This post is the second in a series correcting historical errors that I have discovered in my work. Divulging the embarrassing finds are, I humbly propose, to my credit because they show that I continue to research and grow as an amateur historian. As my time on this planet wanes, I intend to focus my study on the history of the Southern states from their earliest exploration by Europeans through colonization, the Revolution, the Confederacy, and beyond. Okay, studying the present is pretty convoluted. Yoda was wrong. It’s not the future that’s hard to see because it’s “always in motion.” It’s the present, which is a darn cyclone, but I digress.
Following up on my February 10, 2014 post, the next misspeak I’d like to set right is that regarding James Lusk Alcorn in the introductory “Historical Note” to my novel Wolf Dawson. This historical suspense, replete with romance, mystery, and its touch of the paranormal, is set near the close of Congressional Reconstruction in Mississippi. To give the reader a perspective of the setting, I provided a brief outline of the conditions in post-war Mississippi. I wrote the paragraph below in respect to the 1873 gubernatorial election pitting two Republican candidates against each other, Adelbert Ames, ex-brevet General U.S. Army and Maine native who’d never stepped foot in Mississippi before the war, and Mississippian J. L. Alcorn. In the second full paragraph on “page ix,” I stated:
“J.L. Alcorn, the man Ames defeated, was a Mississippian. He was intimately familiar with Southern politics in general and Mississippi politics in particular. Since the arrival of Federal troops during the war, this man who had passionately supported and voted for secession had accepted reconstruction and urged white Mississippians to embrace the Negro. He warned that otherwise the Negro electorate would fall under the influence of corrupt Republicans.”

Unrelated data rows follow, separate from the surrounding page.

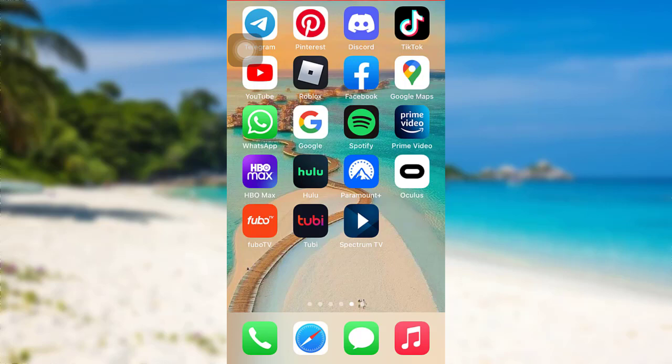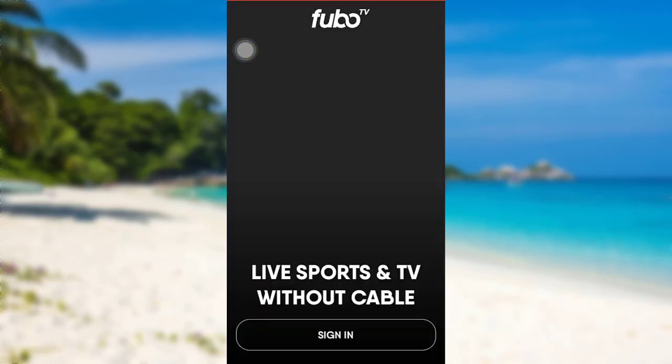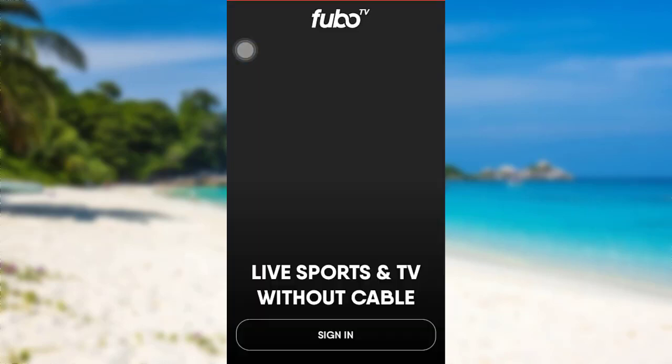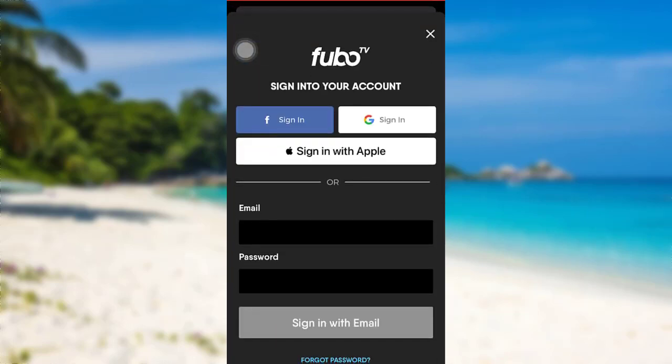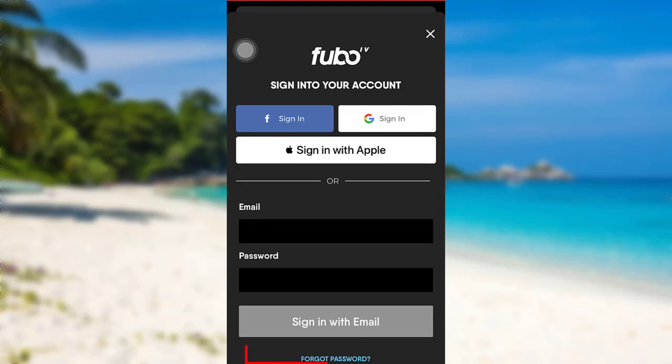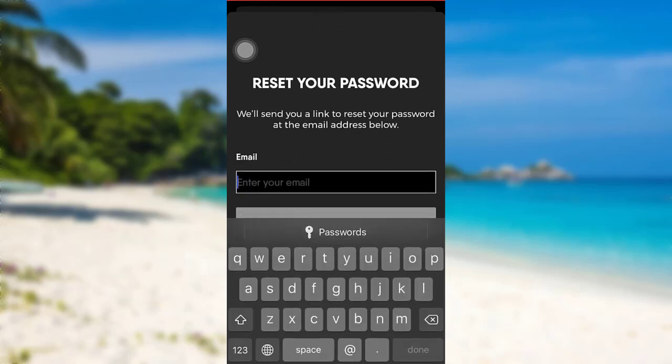First of all, open the FuboTV app. After that, tap on the sign in option. Now at the bottom of the screen, you'll be able to see an option for 'Forgot Password'. Tap on it.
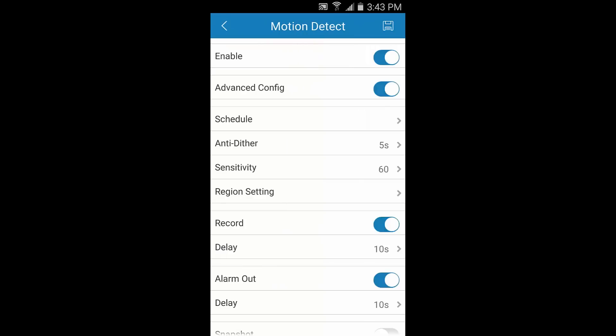Next, let's look at the region settings. You can set up different sections of your camera's field of view to be active or inactive for detecting motion. This helps eliminate false positives and gives you complete control over your motion detection setup.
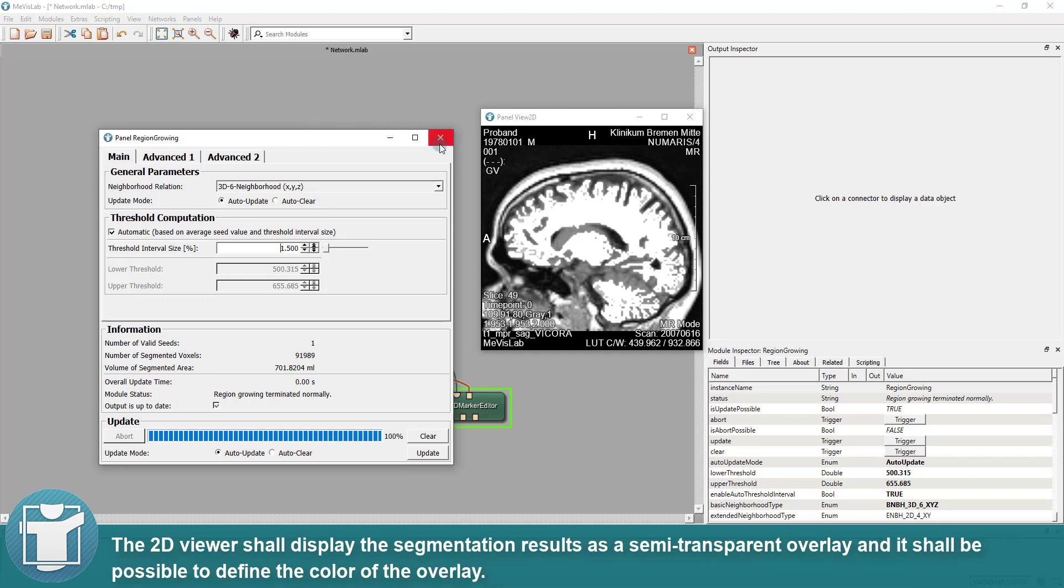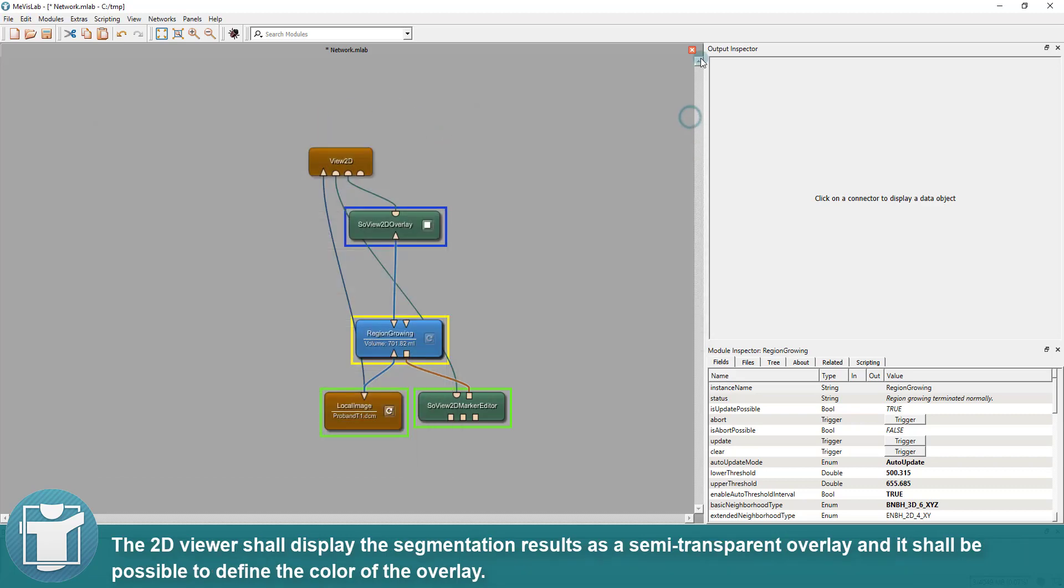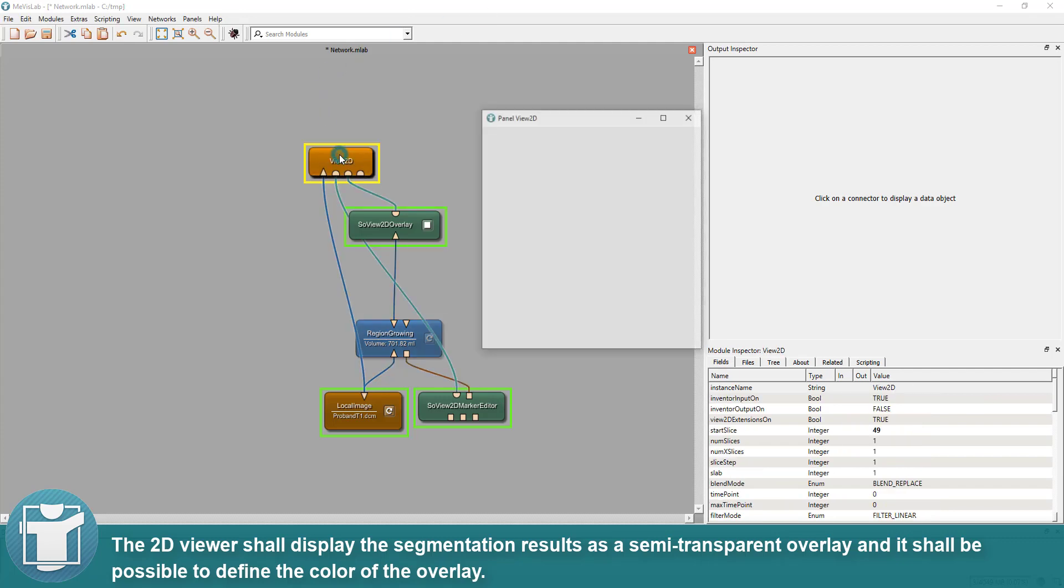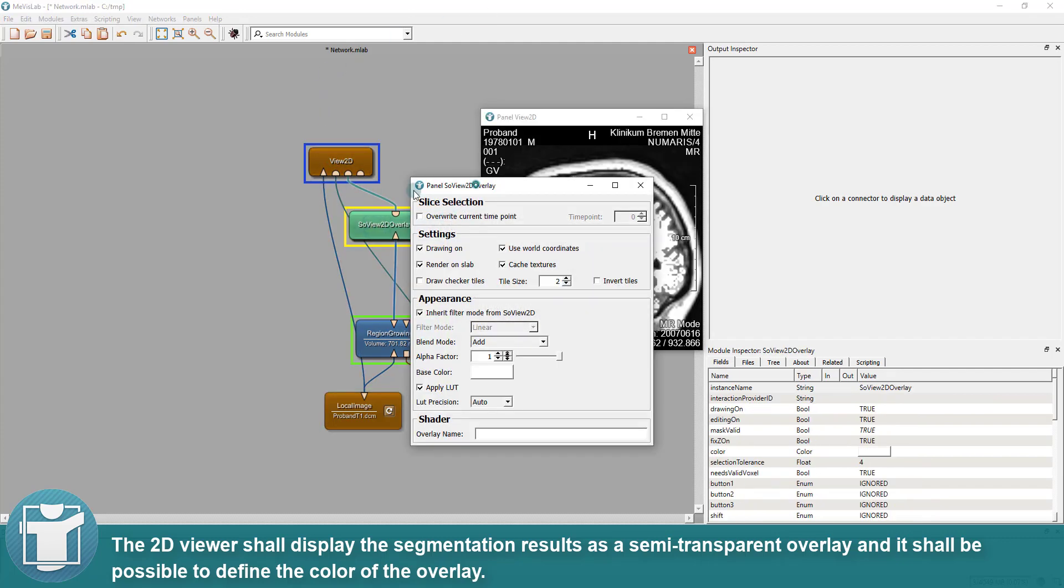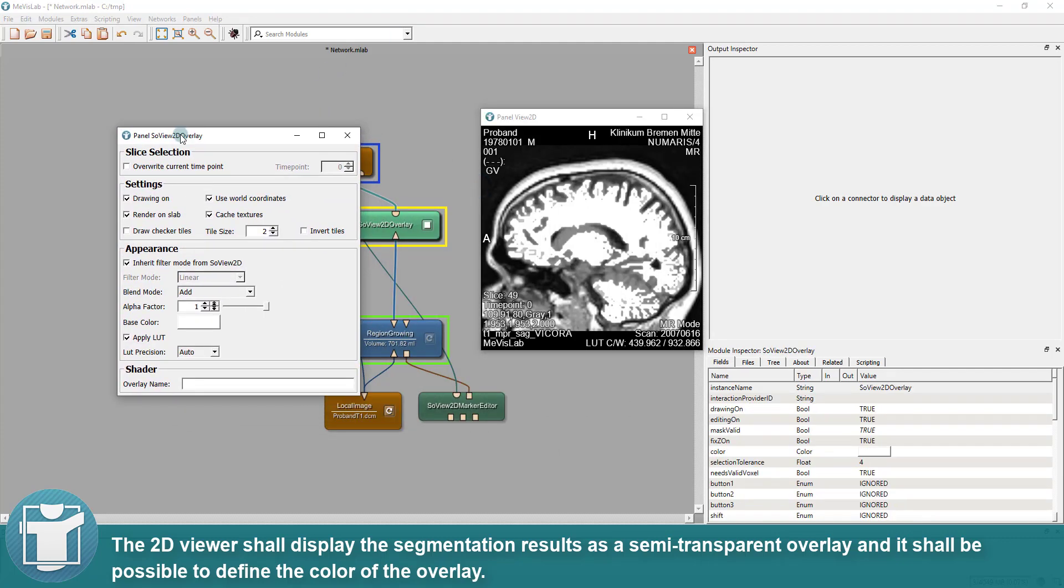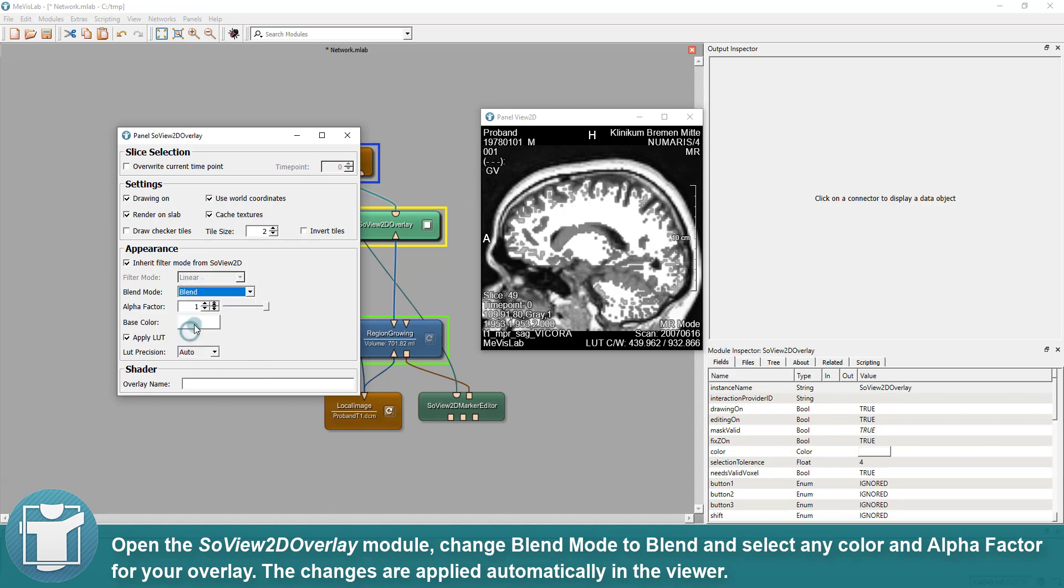The 2D viewer shall display the segmentation results as a semi-transparent overlay and it shall be possible to define the color of the overlay. Open the SoView2D overlay module, change blend mode to blend and select any color and alpha factor for your overlay. The changes are applied automatically in the viewer.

Most of what I say is correct—at least as the record shows—but there is a misrepresentation—that being the implication Alcorn was a zealot on the subject of secession. James Lusk Alcorn was a Whig, as ardent, according to Hodding Carter (The Angry Scar) as Henry Clay himself. Kentucky-born of hard-working common folk, Alcorn attended one year at Cumberland College, taught school in Jackson, Arkansas, and in 1838, became a member of the Kentucky bar. Between 1839 and 1843 he served as a Livingston County, Kentucky deputy sheriff from where he resigned and served one term as a member of the Kentucky legislature. In 1844, he migrated to Mississippi’s Coahoma County where he practiced law and established a small plantation, dubbed Mound Place, on the Yazoo Pass. In time he became a very wealthy cotton planter with land holdings of 12,000 acres.

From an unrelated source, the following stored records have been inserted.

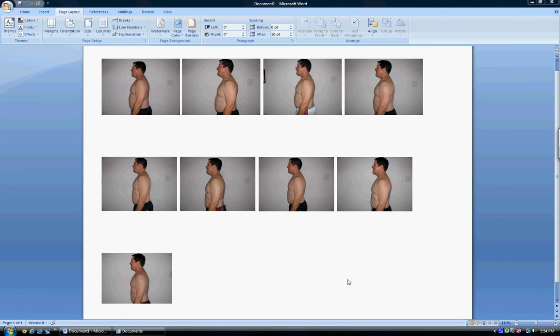All right, we're looking at the pictures of Brett, who has been a client of mine for the last eight weeks. As you can see, a really cool transformation from being overweight and overfat to now getting in really good shape.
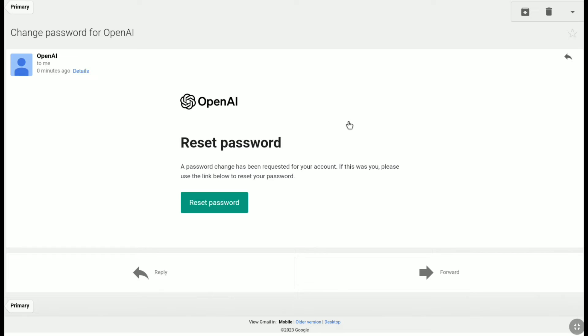And here, as you can see, this is the reset password mail I received from openai to change my ChatGPT password. So once you receive this email, click on reset password.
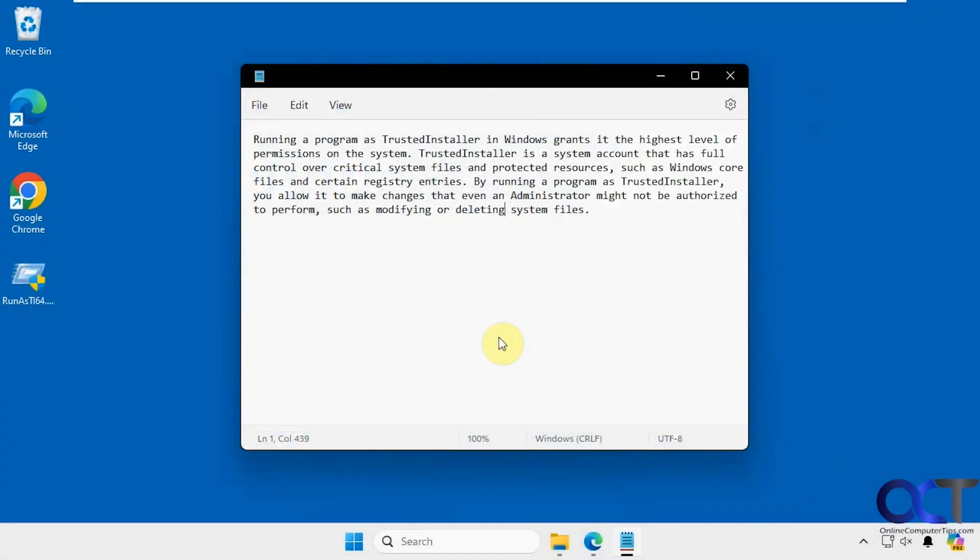Hi, in this video we're going to show you a free tool you can use to run programs and other applications using the Trusted Installer account. That way, if you need additional permissions when running these apps, you can do so using this tool.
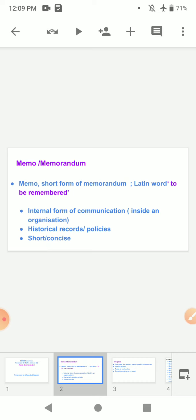Memo is the short form of memorandum, derived from the Latin word meaning 'to be remembered.' It is an internal form of communication — that is, inside an organization. It serves as a historical record of policies and should be short and concise. Unlike business letters and emails, which are normally external communication between your company and outside parties, memos are internal communication within the company.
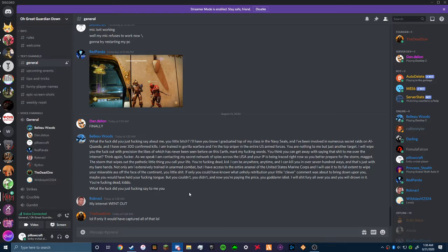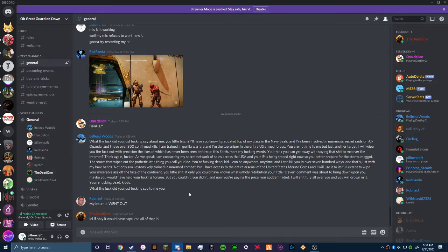I just need to keep that on file for any time anybody says anything to me. Hey Woods, how was your day? DM. What the fuck did you just say about me?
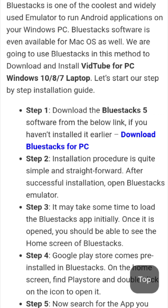Step 3: It may take some time to load the Bluestacks app initially. Once it is opened, you should be able to see the home screen of Bluestacks.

Two years after coming to Mississippi he was elected to the state legislature on the Whig ticket. He was always a Union man and ardent anti-secessionist. On 7 January 1861, a hundred delegates gathered at the capitol building in Jackson to vote on secession. William Barry, a secessionist from Lowndes County, defeated Alcorn to become president of the convention. Barry then appointed a committee of fifteen to draft an ordinance of secession. L. Q. C. Lamar chaired the committee—and he just happened to have brought the draft of a proposed ordinance of secession with him. Judge J. S. Yerger (like Alcorn, a Unionist Whig) proposed approaching the North for concessions [in return for shelving secession] and thereby wait before taking a vote. When the committee voted down Yerger’s proposal, Alcorn proposed waiting until Georgia, Florida, Alabama and Louisiana voted to secede, then follow them out. Alcorn’s proposal was also voted down at which point Walter Brooke requested the vote be taken to the people in a referendum to be scheduled for 2 February. This proposal was also voted down, but a proposal to have the people vote on the ordinance as part of the state elections in the fall was floated by some on the committee—a proposal not formally voted down. War intervened and that vote never took place.

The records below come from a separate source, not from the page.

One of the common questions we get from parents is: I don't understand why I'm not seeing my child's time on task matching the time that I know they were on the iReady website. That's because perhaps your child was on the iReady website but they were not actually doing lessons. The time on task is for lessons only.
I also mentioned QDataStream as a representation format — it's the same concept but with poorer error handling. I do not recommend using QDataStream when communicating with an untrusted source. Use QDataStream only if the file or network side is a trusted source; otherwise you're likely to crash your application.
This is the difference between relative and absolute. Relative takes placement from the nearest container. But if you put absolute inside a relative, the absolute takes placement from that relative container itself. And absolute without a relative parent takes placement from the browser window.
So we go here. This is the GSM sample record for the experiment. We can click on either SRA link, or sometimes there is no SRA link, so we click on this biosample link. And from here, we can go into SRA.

In The Angry Scar, Carter states there were four committee votes against and eleven votes in favor of secession (Lamar’s Ordinance of Secession). The convention approved the committee’s vote and as Coahoma’s representative to the convention, Alcorn, as well as Yerger (Washington County) and Brooke (one of two representatives from Warren County) signed the Ordinance of Secession on 9 January 1861 along with ninety-five other county representatives. Regarding that decision, I quote Alcorn from Hodding Carter’s The Angry Scar:
“I have thought that a different course...should have been adopted and to that end I have labored and spoken,” Alcorn told the convention. “But the die is cast—the Rubicon is crossed—and I enlist in the army that marches to Rome.”
And he did (join the army, I mean). Actually, his avowed proclamation above is a double entendre. Ultimately, he “served” both armies, to the detriment of the reputed “initial” commitment he made above and to the benefit of both the “Union” and himself once Grant and Sherman started stomping around, first plundering, then burning the state. But I would argue that his “first” loyalty was fomented as a Whig and that his subsequent two-faced double-cross when the going got tough (or the advantages became clear) was such a Whig thing to do.
But I will grudgingly submit that there was more to Alcorn than greed and self-aggrandizement—even though that “more to” in reference to the State was to his own good—and believe me, he saw it. Vis-à-vis the likes of Adelbert Ames I can bring myself to side with the man. On that, there’s more to come.
Thanks for reading.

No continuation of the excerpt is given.